Production traits in dairy cattle are under the influence of many genetic
and environmental factors and the interactions between them both linearly
and non-linearly. Dairy production traits including milk yield and milk
fat percentage are of the most important economic traits in Iran`s dairy
industry. So, prediction of these traits is of importance to find prospective
high yielding cows and improving the economic proficiency of dairy farms.
Also, much of the selection of superior bulls is based on their ability
to produce high yielding cows (Salehi et al., 1998). Accuracy rate
of finding high producing cows is important, because feeding, breeding,
maintenance, veterinary and other costs can be saved for superiors and
also by mis-culling cows of high genetic value, good sources of gene pool
will be lost.
In many countries, analysis of milk yield for 305 day lactation period
is a foundation for dairy cattle genetic evaluations.
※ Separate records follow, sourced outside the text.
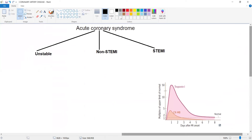Clarification on ECG waves: it is the Q-wave, not P-wave, that represents old ischemic changes. Q-wave — Q for coin, not P for power. Pathological Q-wave represents old ischemic changes.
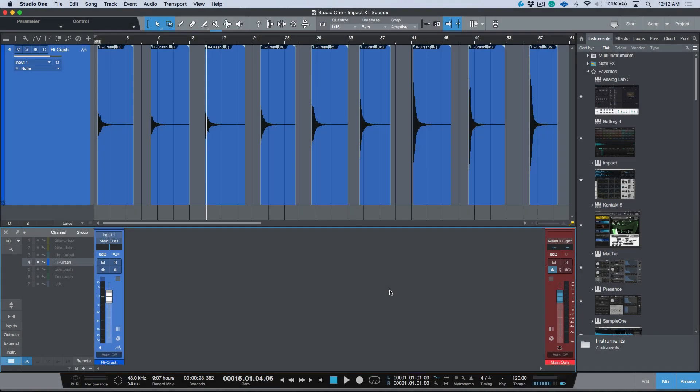What's up guys, my name is Marcus Huskins and thank you for joining me. In this video we're going to be taking a look at a really cool way in which you can package and share your content when working with Impact XT and Sample One XT in Studio One version 4.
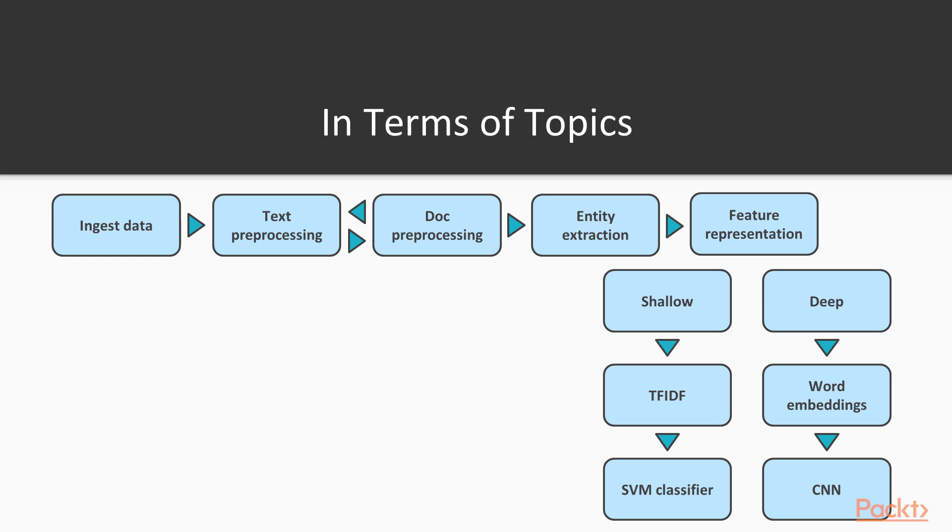After this, you'll need to get your data ready for machine learning through some feature representation. Now, let's follow the shallow learning path for a minute. We can do feature representation with TF-IDF, as we have seen, and then do our text classification with a linear SVM.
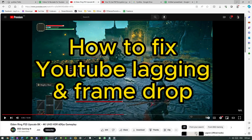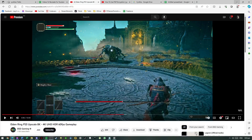YouTube Lagging and Drop Frames on Browser. Hey guys, in today's video, I will show you how to fix YouTube 60fps lagging and drop frames on your browser. This should be a quick video since it is easy, so if it helps you, make sure to leave a like and subscribe. And if you have any questions, leave a comment down below. So let's jump straight into the video.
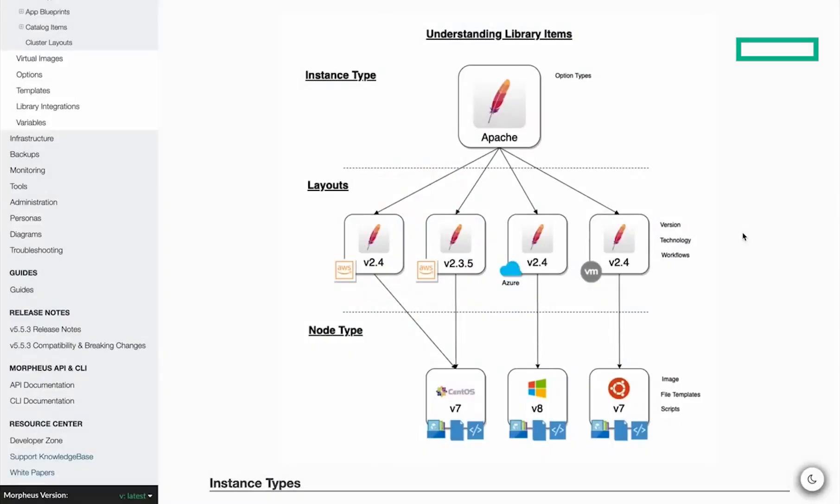Morpheus 5.5.2 and higher allows users to add price sets to instance types or layouts. These price sets become additive to any pricing that Morpheus may have otherwise computed, either from a public cloud's costing API or from user-defined service plans in Morpheus.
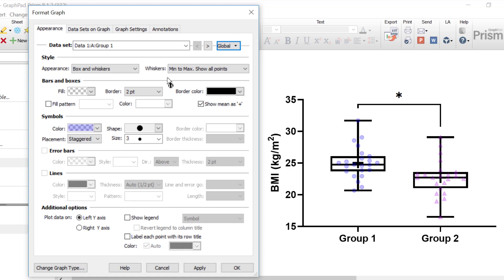In this quick tip video tutorial, you have learned about changing the global settings of a graph within Prism.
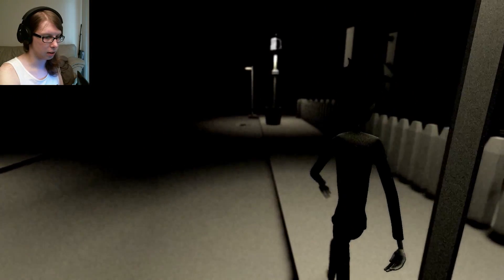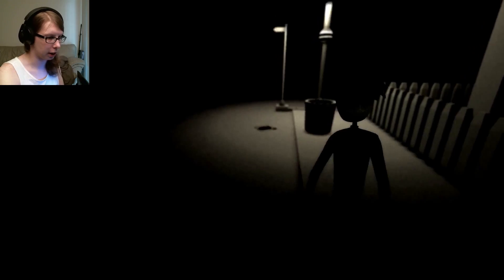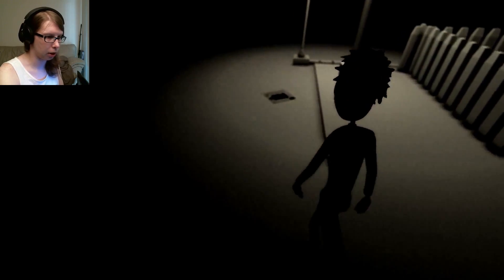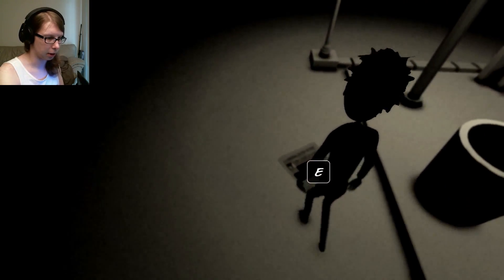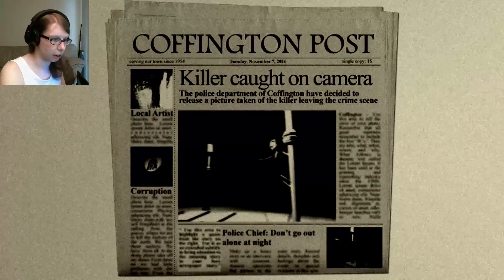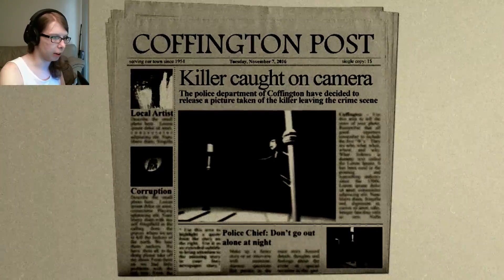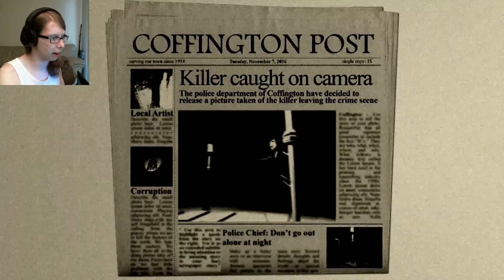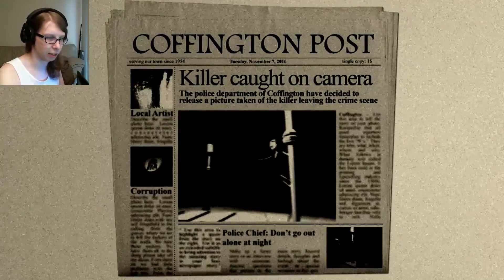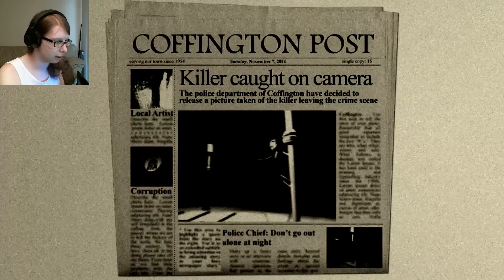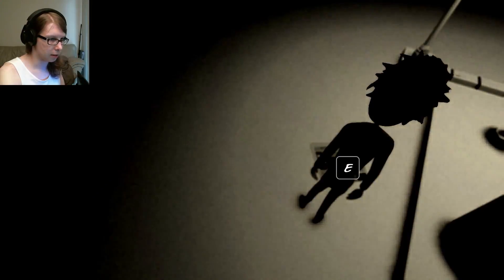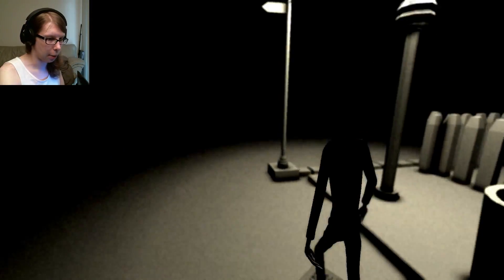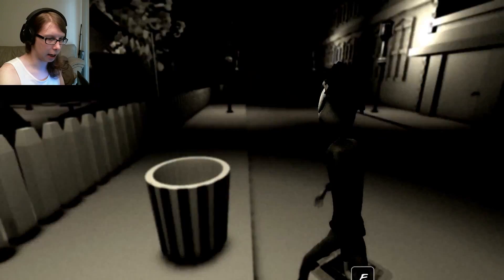Do I have a sprint? Nope. I can't sprint. I can't jump. What is this? I'm going to pick this up. Killer caught on camera. The police department of Coffington has decided to release a picture taken of the killer leaving the crime scene. I'm already a vampire, so I guess I'm alright.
So, implementing
mathematical models for prediction of 305 day production in subsequent
lactations from previous lactations or predicting total lactation yield
from early records would be useful.
In comparison with regression methods or time-series analyses, Artificial
Neural Network (ANN) represents a different new approach. The relationship
between two or more independent variables on a dependent variable can
be obtained applying Multiple Linear Regression (MLR) method. Regressions
show the extent and direction of associations between characters in the
units of measurements. A MLR explains the linear cause-consequence relationships
between some independent variables (x1, x2, ...,
xn) and a dependent variable (y). Artificial Neural Network
(ANN), like biological neural network, is made up from some sets of neurons.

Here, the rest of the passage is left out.